**TASK TO COMPLETE:** Begin with the line below holding "personne fait planche" and go on through the line holding "Dolce & Gabbana", duplicating each line exactly and leaving out pictures.

**Records from a data source:**
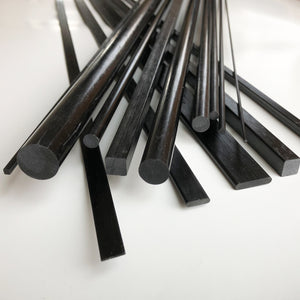 Pultruded Carbon Fiber Square Rods - 10mm x 10mm x 1000mm - High Strength Solid Rods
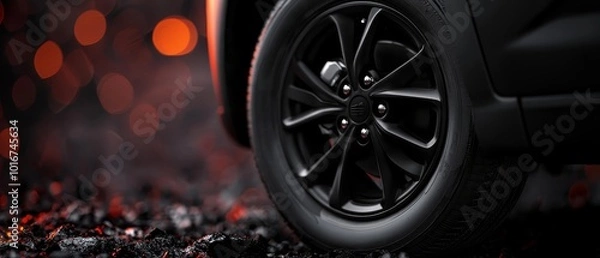 Fototapeta  A tight shot of a car tire against a black backdrop, surrounded by a hazy glow of red and orange lights in the background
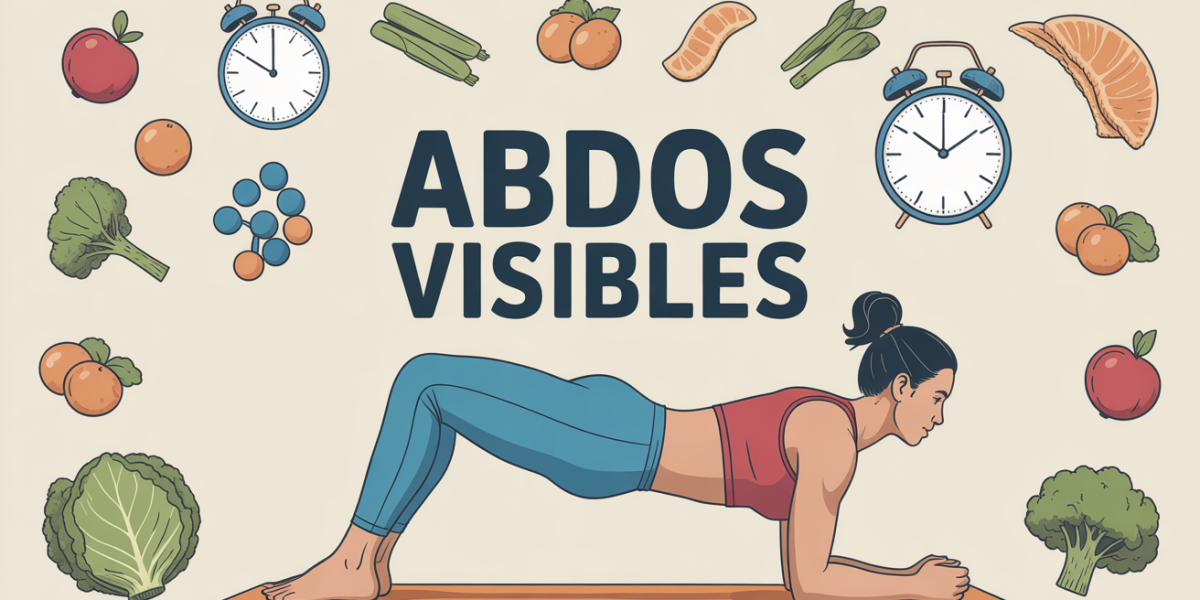 personne fait planche abdos entourée d'aliments et horloges motivation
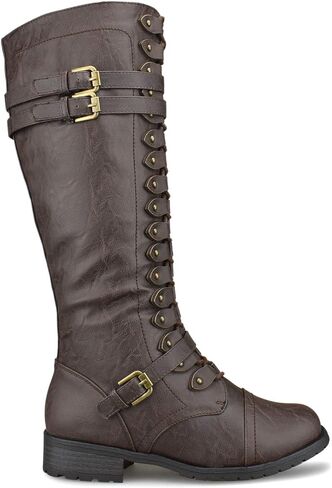 Premier Standard - Lace's Lace -Up Strappy Knee High Combat Boot Boot Cyped Heel in Kuwait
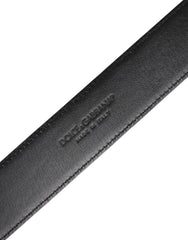 Dolce & Gabbana Black Leather Metal Buckle Classic Belt - 70 cm / 28 Inches - Belts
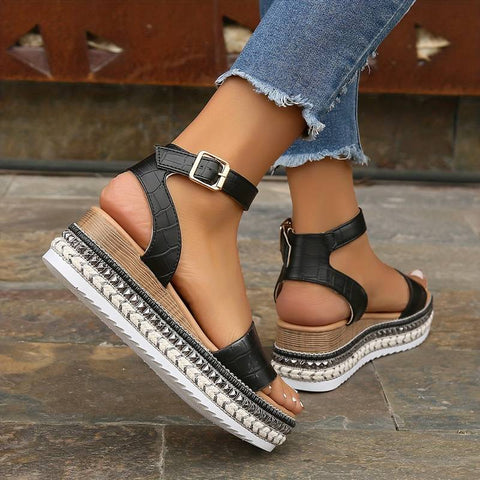 Platform Sandals Women with Textured Upper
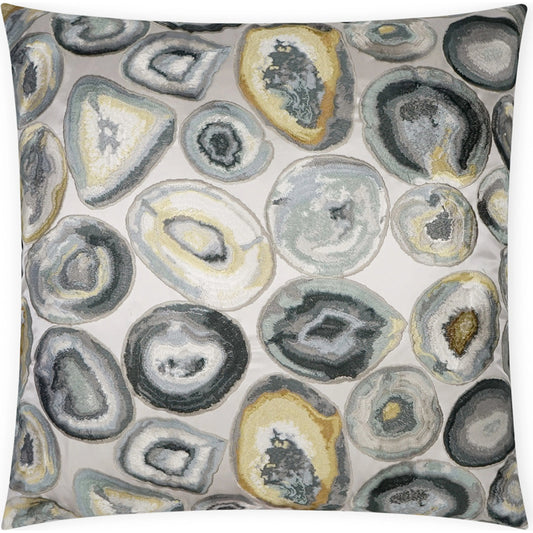 Cali Pillow by DV Kap Home in mist, yellow, grey. Made from 35% polyester, 65% cotton in a modern style.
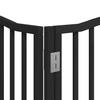 8 Piece Foldable Black Dog Gate 640 cm Poplar Wood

**EXERCISE RESULT:**
 personne fait planche abdos entourée d'aliments et horloges motivation
 Premier Standard - Lace's Lace -Up Strappy Knee High Combat Boot Boot Cyped Heel in Kuwait
 Dolce & Gabbana Black Leather Metal Buckle Classic Belt - 70 cm / 28 Inches - Belts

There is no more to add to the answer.